Tressie McMillan Cottom: “Constructing The Good Black Digital Subject”

December 3, 2019 10:00 am to 11:00 am
Pleasants Family Room at Wilson Library

The UNC School of Information and Library Science (SILS) and the Center for Information, Technology, and Public Life (CITAP) will host a talk by author, professor, and sociologist Tressie McMillan Cottom on Tuesday, Dec. 3, from 10-11:00 am in the Pleasants Family Room at Wilson Library.

In her talk, titled “Constructing The Good Black Digital Subject,” McMillan Cottom will discuss her research on group inequalities and technologies across higher education, media, and work. If data regimes allow consumer markets the ability to sort, rank, and distribute critical resources (Healy and Fourcade), how do marginalized groups construct engagements with democratic institutions? She will discuss work from previous research, as well as new work on the technologies of transnational black consumerism.

McMillan Cottom is an award-winning Associate Professor of Sociology at Virginia Commonwealth University and a faculty affiliate at Harvard University’s Berkman Klein Center for Internet and Society. Her work has been recognized nationally and internationally for the urgency and depth of her incisive critical analysis of technology, higher education, class, race, and gender.

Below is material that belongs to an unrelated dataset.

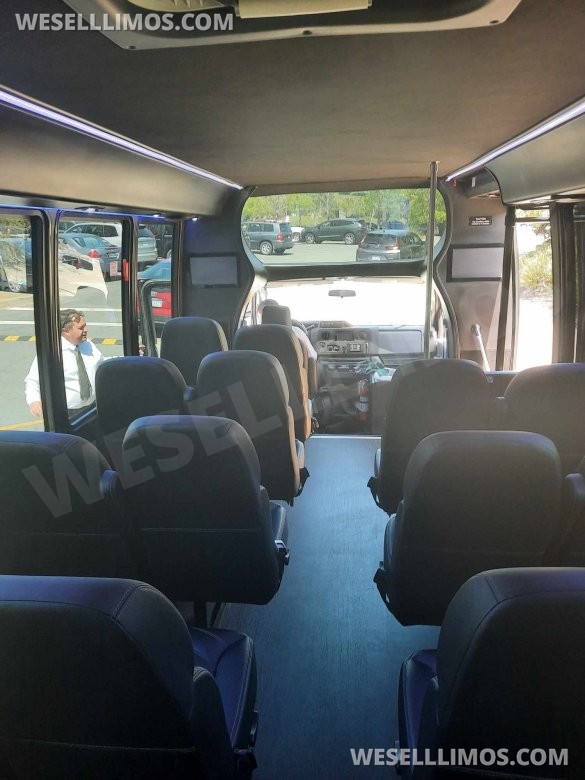 2019 Ford E450 Executive Shuttle for Sale in San Francisco, CA - Photo 2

McMillan Cottom earned her doctorate from Emory University’s Laney Graduate School in sociology 2015. Her dissertation research formed the foundation for her first book Lower Ed: The Troubling Rise of For-Profit Colleges in the New Economy (The New Press 2016).

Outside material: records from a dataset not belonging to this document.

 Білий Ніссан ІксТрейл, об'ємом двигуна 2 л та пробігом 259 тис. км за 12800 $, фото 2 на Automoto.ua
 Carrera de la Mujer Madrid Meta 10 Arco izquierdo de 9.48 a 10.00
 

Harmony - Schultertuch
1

With tens of thousands of readers amassed over years of writing and publishing, McMillan Cottom’s columns have appeared in The Atlantic, The New York Times, The Washington Post, and Dissent Magazine. Her most recent book, THICK: and Other Essays (The New Press 2019), is a critically acclaimed Amazon best-seller that situates Black women’s intellectual tradition at its center. THICK is a finalist for the Brooklyn Public Library’s Literary Prize and is shortlisted for the 2019 National Book Award in nonfiction.